**Supplied data:**
┄┄┄┄┄┄
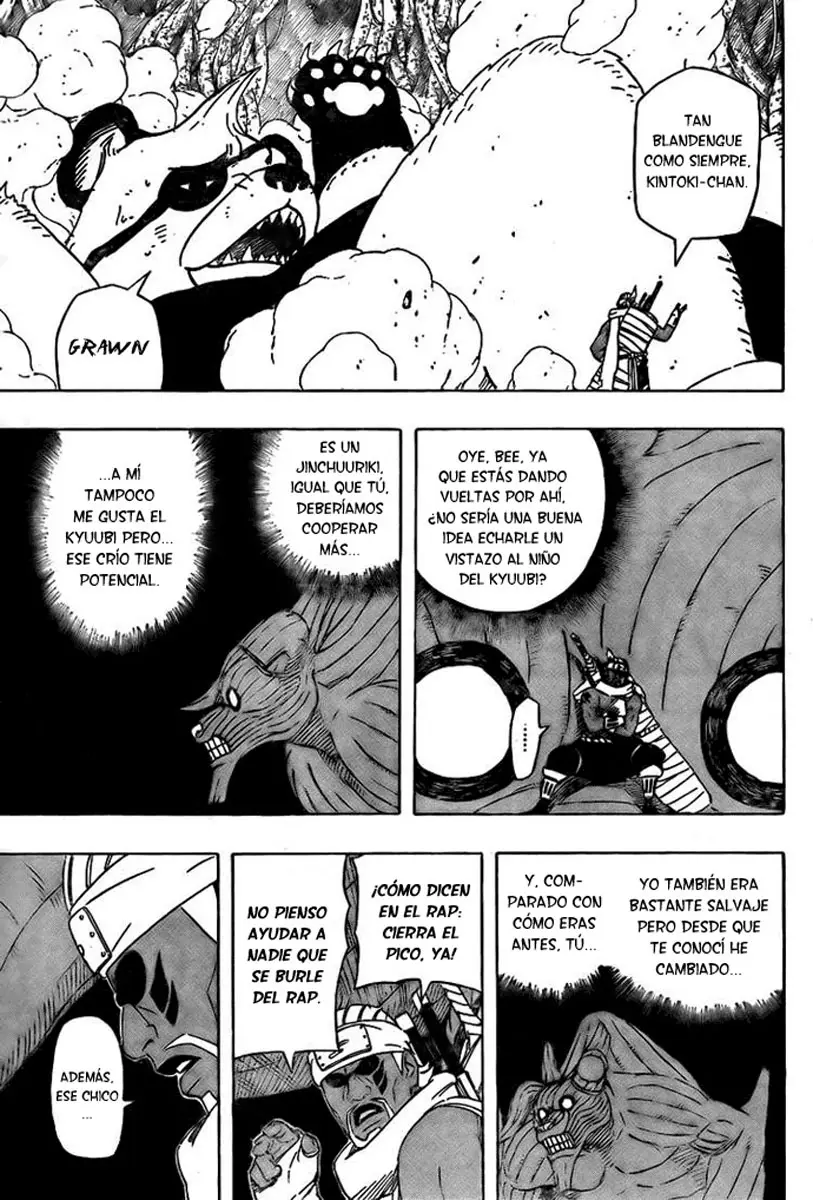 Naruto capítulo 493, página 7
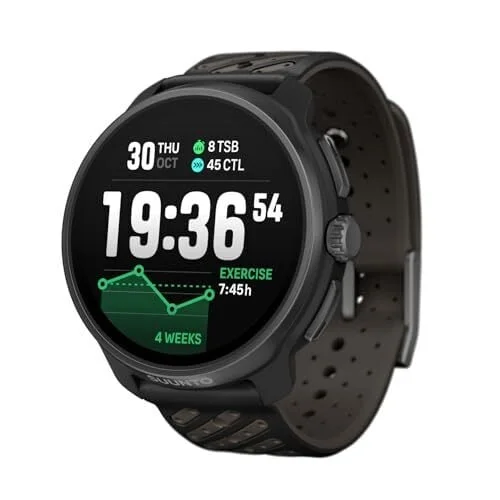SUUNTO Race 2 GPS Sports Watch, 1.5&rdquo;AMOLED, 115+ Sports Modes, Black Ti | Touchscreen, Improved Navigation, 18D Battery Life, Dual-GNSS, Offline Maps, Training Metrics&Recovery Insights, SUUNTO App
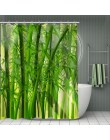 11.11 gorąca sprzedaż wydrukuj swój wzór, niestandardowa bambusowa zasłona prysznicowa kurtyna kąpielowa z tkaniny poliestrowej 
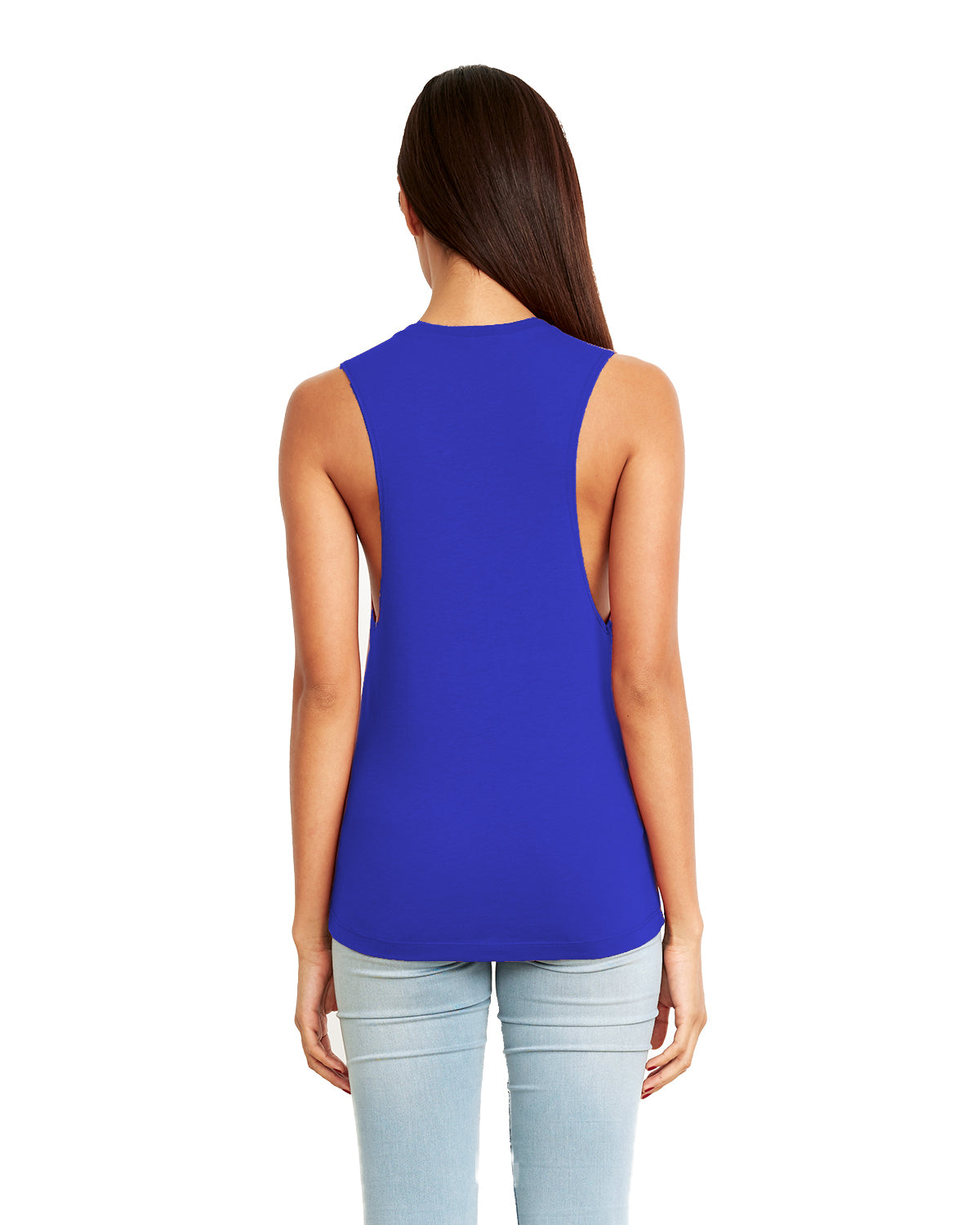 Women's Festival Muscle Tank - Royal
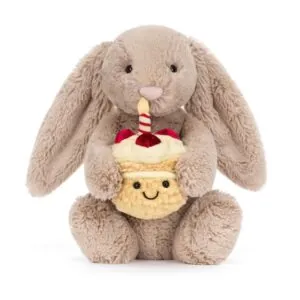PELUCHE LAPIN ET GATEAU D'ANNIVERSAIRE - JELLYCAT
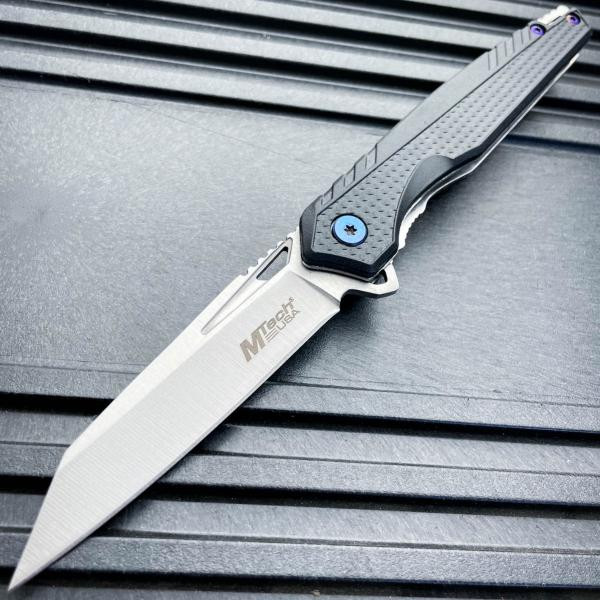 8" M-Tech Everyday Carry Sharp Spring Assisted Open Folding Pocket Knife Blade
┄┄┄┄┄┄
**Instructions for the task:**
Above are records with pictures; repeat them exactly, but without the pictures.

**Expected answer:**
 Naruto capítulo 493, página 7
SUUNTO Race 2 GPS Sports Watch, 1.5&rdquo;AMOLED, 115+ Sports Modes, Black Ti | Touchscreen, Improved Navigation, 18D Battery Life, Dual-GNSS, Offline Maps, Training Metrics&Recovery Insights, SUUNTO App
 11.11 gorąca sprzedaż wydrukuj swój wzór, niestandardowa bambusowa zasłona prysznicowa kurtyna kąpielowa z tkaniny poliestrowej 
 Women's Festival Muscle Tank - Royal
PELUCHE LAPIN ET GATEAU D'ANNIVERSAIRE - JELLYCAT
 8" M-Tech Everyday Carry Sharp Spring Assisted Open Folding Pocket Knife Blade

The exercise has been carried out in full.